Verbessert KI die Fotoverarbeitung?
Verbessert KI die Fotoverarbeitung? Ist ein KI-verarbeitetes Bild eine Fotografie? Ist KI nur ein weiterer Marketingbegriff? Wird KI die Fotoverarbeitungsbranche übernehmen?
Künstliche Intelligenz ist heutzutage ein Thema. Es gibt Tools zur Fotobearbeitung, die auf KI basieren. Was ist das also? Funktioniert es? Und was bedeutet das für professionelle Fotografen?
Betrachten wir die erste dieser Fragen.
Was ist KI?
Die Gründerväter der KI, ein Ehepaar namens Minsky und McCarthy, definierten ihre Erfindung als „jede Aufgabe, die von einem Programm oder einer Maschine ausgeführt wird, bei der, wenn ein Mensch dieselbe Tätigkeit ausführen würde, der Mensch Intelligenz einsetzen müsste, um die Aufgabe zu erfüllen.“ Dies ist eine ziemlich weit gefasste Definition, aber bei genauerem Hinsehen sagen wir wahrscheinlich, dass KI die folgenden menschlichen Eigenschaften beinhaltet: Argumentation, Lernen, Analyse von Daten und fortlaufenden Ergebnissen, um ein Problem zu lösen.
Im Hinblick auf die Bildverarbeitung schränkt diese Definition den Kreis der Anwender wirklich KI-gestützter Werkzeuge auf sehr wenige ein. DxO Photolab 4, basierend auf den von DxO Mark zusammengestellten Datensätzen, die fast jede erdenkliche Kombination aus Kameragehäuse und Objektiv beschreiben. Skylum präsentiert eine neue KI-Edition von Luminar die wir zu gegebener Zeit überprüfen werden. Photoshop führt einige der Funktionen ein, wie beispielsweise den Himmelsaustausch, die Luminar vor 12 Monaten vorstellte.
Funktioniert es?
Wie schon bei der Smart-Home-Technologie war auch die KI in der Fotografie umstritten. Die Sorge bei der KI in der Fotografie ist, dass sie irgendwie mit dem Foto davonläuft und mit etwas zurückkommt, das nicht der Vision des Fotografen entspricht. Am Beispiel von DxO Photolab 4 ist dies definitiv nicht der Fall. Was DxO wirklich gut gemacht hat, basiert auf der Annahme, dass der beste Ausgangspunkt für die Bearbeitung eines Fotos die bestmögliche Version der RAW-Datei ist.

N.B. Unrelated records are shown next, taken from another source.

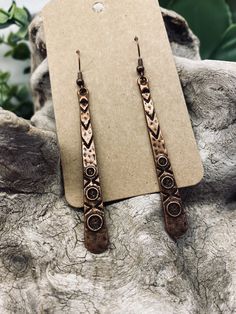 Artisan Copper earrings. Nickel and lead free, hypoallergenic. Beautiful Bohemian Copper Pierced Earrings, Artisan Bronze Copper Earrings, Bohemian Etched Copper Earrings, Unique Copper Earrings With Patina, Bohemian Nickel-free Rust Earrings, Silver Clay, Clay Jewellery, Bohemian Earrings, Copper Earrings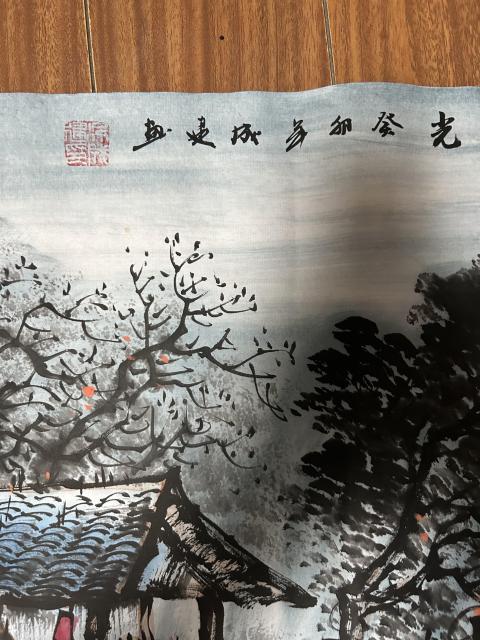 古玩字畫吳成建老師精品斗方山水拍賣,當前價格458元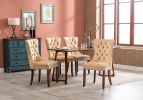 Upholstered Button Tufted Back Pink Velvet Dining Chair with Nailhead Trim and Solid Wood Legs 2 Sets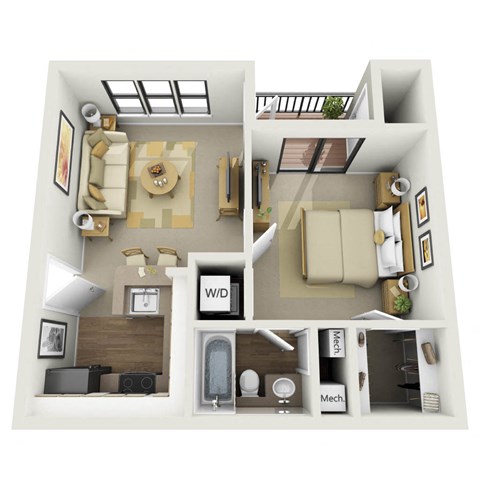 Floor plan for 1 bed, 1 bath, 650 sqft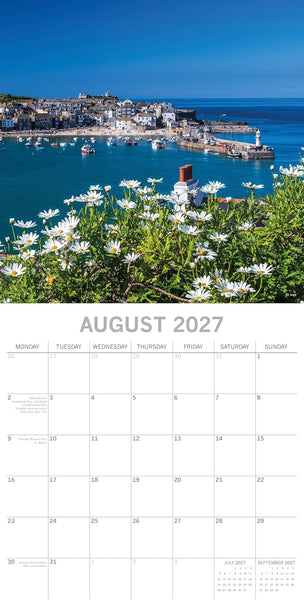 Cornwall Calendar page for August 2027 with a scenic view of a coastal town and ocean.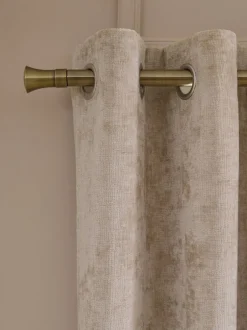 Gordijnen|Gordijnen*Next Plush Chenille Eyelet Curtains Natuurlijk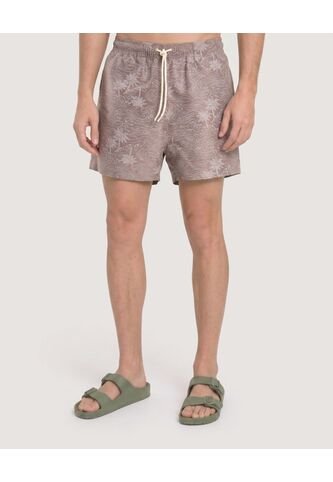 Pantaloneta De Baño Estampada  Para Hombre Café Ostu Ostu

In DxO gibt es drei Auswahlmöglichkeiten: überhaupt keine Verarbeitung, nur optische Korrekturen und grundlegende Verarbeitung. Die erste Option schaltet die KI-Elemente aus, die zweite wendet die optischen Korrekturen an, die der Fotograf wahrscheinlich sowieso anwenden würde, und die dritte führt einige grundlegende Verarbeitungen ein. Darüber hinaus gibt es Voreinstellungen, die der Benutzer anwenden kann, um ein bestimmtes Erscheinungsbild zu erzielen.
Die optischen Korrekturen in DxO Photolab 4 funktionieren hervorragend. Sie korrigieren einfach die Probleme, die bestimmte Objektive mit sich bringen – am deutlichsten sind diese Merkmale bei Weitwinkelobjektiven zu erkennen, darunter geometrische Verzerrungen und Vignettierung. Wenn die Standardeinstellung „Optische Korrekturen“ oder „Grundlegende Verarbeitung“ ist, werden die Probleme entsprechend den Eigenschaften dieser Objektiv-Gehäuse-Kombination korrigiert. In dieser Hinsicht können wir getrost sagen, dass es sich um echte KI handelt und dass sie definitiv funktioniert.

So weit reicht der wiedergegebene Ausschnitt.